So war’s auch in Colberg, der alten pommerschen Festung. Da commandirte der alte Oberst Lucadou, ein griesgrämiger Officier aus des großen Fritz Schule, gewissenhaft bis zur Pedanterie, ein echter Exercirgeneral, aber ohne Energie und Kenntniß der Bedeutung der geschehenen Ereignisse. Kamen die Franzosen vor seinen Platz, so wollte er schon mit ihnen die Sache ausmachen, darum brauchte sich die Bürgerschaft nicht zu beunruhigen, sie hatte sich gefallen zu lassen, was der Herr Oberst bestimmen würde. Ja, da kam er bei den Colbergern schlecht an! Die hatten den alten verwetterten, kreuzfesten Nettelbeck an ihrer Spitze, und der hatte ihnen den Standpunkt klar gemacht. Die Bürger sollten sich bewaffnen, die Schanzen wieder in Stand setzen, sie im Nothfall mit vertheidigen, so verlange es die Noth und die Ehre von Colberg; worauf Herr von Lucadou gar grimmig die ehrbaren Bürger anschnauzte und sie daran ermahnte, daß Ruhe ihre erste Pflicht sei.

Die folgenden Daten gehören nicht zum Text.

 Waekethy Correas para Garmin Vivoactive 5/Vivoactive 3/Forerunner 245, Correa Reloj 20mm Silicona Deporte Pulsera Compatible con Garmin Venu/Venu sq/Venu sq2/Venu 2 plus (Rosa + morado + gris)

Er sei dazu da, hier in Colberg zu commandiren, und er wisse, was er zu thun habe; die Bürger möchten bei ihrer Pfeife Tabak bleiben und sich um seine Angelegenheiten nicht scheeren.

Brummig und mit langen Nasen gingen sie ab; nur Nettelbeck ließ sich nicht einschüchtern und organisirte auf seine Hand die Vertheidigung der Festung, so viel Lucadou auch wettern und fluchen mochte. Der Lieutenant von Schill bestärkte sie in ihrem Vorhaben getreulich; er hatte auch ganz andere Begriffe, als sein Herr Oberst, und kümmerte sich schier wenig um ihn. Es war ein schmucker, prächtiger Dragonerofficier, der bei Auerstädt tapfer gefochten und, der Gefangenschaft glücklich entronnen, in Colberg eine Zuflucht gefunden hatte. Ihn liebte Alt und Jung, denn er war ritterlich von außen und von innen und ein ganz eigenthümlicher Geist, der nicht in die Schablone der damals gang und gäben Officierstournüre paßte. Lucadou hatte ihn schon längst auf dem Strich, denn Schill spielte den Lieutenant auf eigene Rechnung. Mit etlichen seiner Reiter pflegte er die Colberger Umgegend zu durchstreifen, oft weithinaus in’s Land, entführte bedrohte Cassen, Pferde, Waffen, trieb den Franzosen Transporte von Schlachtvieh ab, und kamen ihm hin und wieder kleine Streifcorps von Franzosen in den Weg, so hieb er muthig drein und sie fast immer gehörig zusammen. Patriot durch und durch und ein phantastischer Kopf dabei, lockte ihn die Gefahr und Kühnheit solcher Handstreiche zu Unternehmungen, aus denen ihn oft nur sein Muth und seine Geistesgegenwart retteten. Schon manches Mal war er deshalb hart mit Oberst Lucadou, den diese Streifzüge ohne seinen Auftrag erbittert hatten, zusammengerathen; aber Schill, eigensinnig und von seinem Geist erfüllt, war nach wie vor in’s Land gezogen mit seinen zwei, drei Dutzend Reitern und hatte seine Thaten verübt. Da schickte ihn denn eines Tages Lucadou in Arrest. Nun aber stieg’s den ehrsamen Bürgern zu Kopfe. Ihnen war Schill der echte rechte Soldat, dessen wagnißvoller Muth dem ihrigen mehr entsprach, als die mattherzige Superklugheit Lucadou’s. Sie liebten ihn, wie Jeder denn bald das Kühne und Hochherzige liebt; sie rückten, der stramme Schiffscapitain Nettelbeck vorauf, dem Commandanten auf’s Quartier, und der mußte wohl oder übel den Lieutenant Schill wieder frei lassen.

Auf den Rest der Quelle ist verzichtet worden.